At the age of ten, Boudin, a seaman’s son, was cabin boy on his father’s boat. Although he soon abandoned the trade, the painter retained a close bond with the sea, which became the subject of many of his works. He worked in The Hague with a local printer and later at a stationer’s shop. During this period he came into contact with the artists Théodule Ribot, Thomas Couture, Jean-François Millet, Constant Troyon and Eugène Isabey, who influenced his decision to devote himself fully to painting and to move to Paris in 1847. His initial period was chiefly influenced by seventeenth-century Dutch painting and the work of his contemporaries of the Barbizon School.
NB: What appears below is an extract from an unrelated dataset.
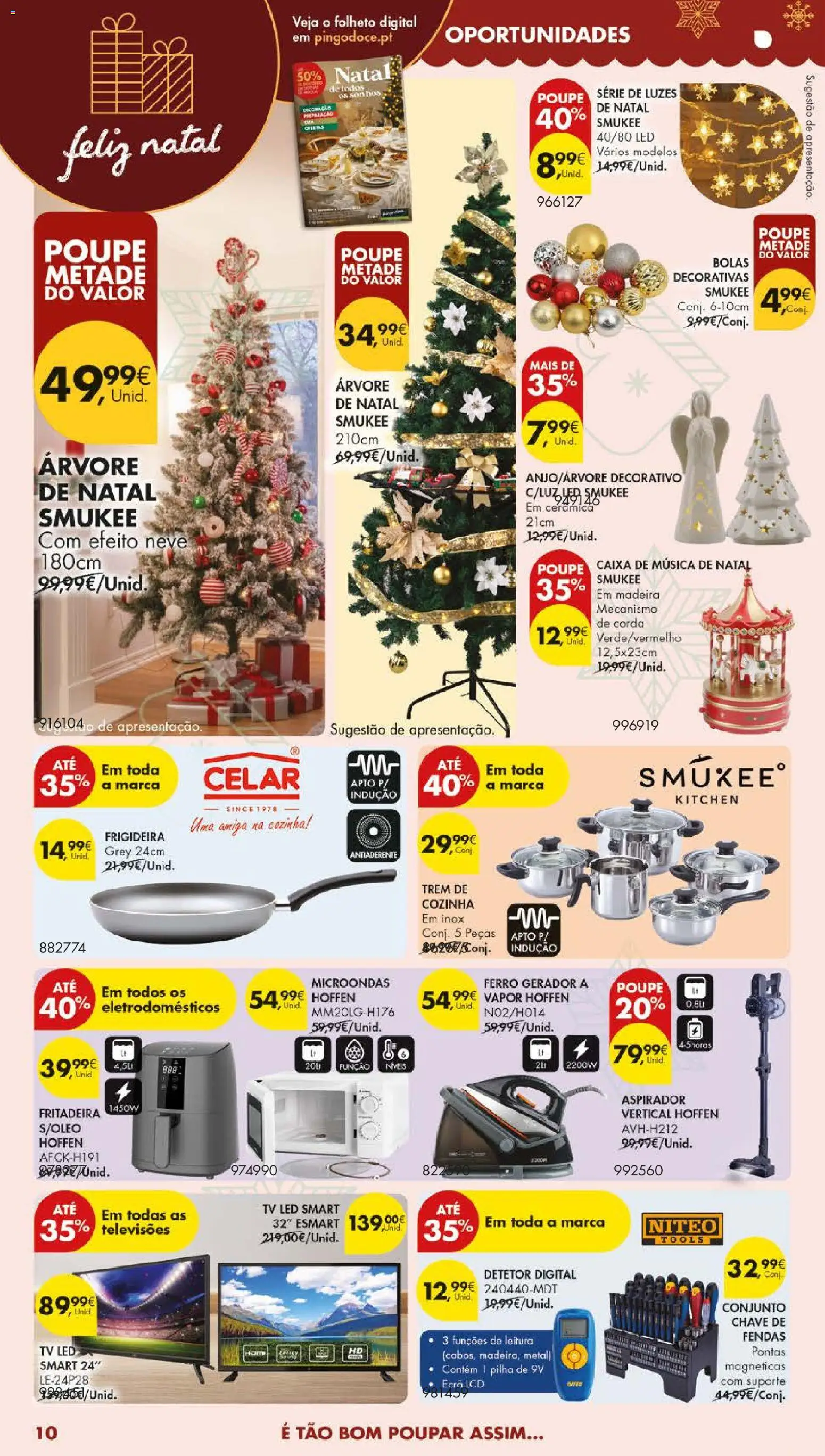 Pingo Doce folheto │ válido de 11.11.2025 | Página: 64 | Produtos: Air fryer, Chave de fendas, Microondas, Caixa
Boudin went several times to Brittany after 1855. The region’s landscape and its customs, streets, churches and markets became a theme of his painting. Thenceforward his trips to the coast of Normandy and Brittany were regularly interspersed with stays in Paris or Deauville, where he took up residence in 1884. In 1859 he met Gustave Courbet, showed his work for the first time at the Paris Salon, and was praised by Charles Baudelaire. During the 1860s Boudin produced many works featuring groups of summer holiday makers on the beaches of Trouville, which were very well received on the French art scene.
In 1874 he took part in the first Impressionist exhibition on the boulevard des Capucines. Towards the end of his life, between 1892 and 1895, he made three trips to Venice in search of fresh inspiration. He was awarded the gold medal of the Exposition Universelle in 1895, three years before his death.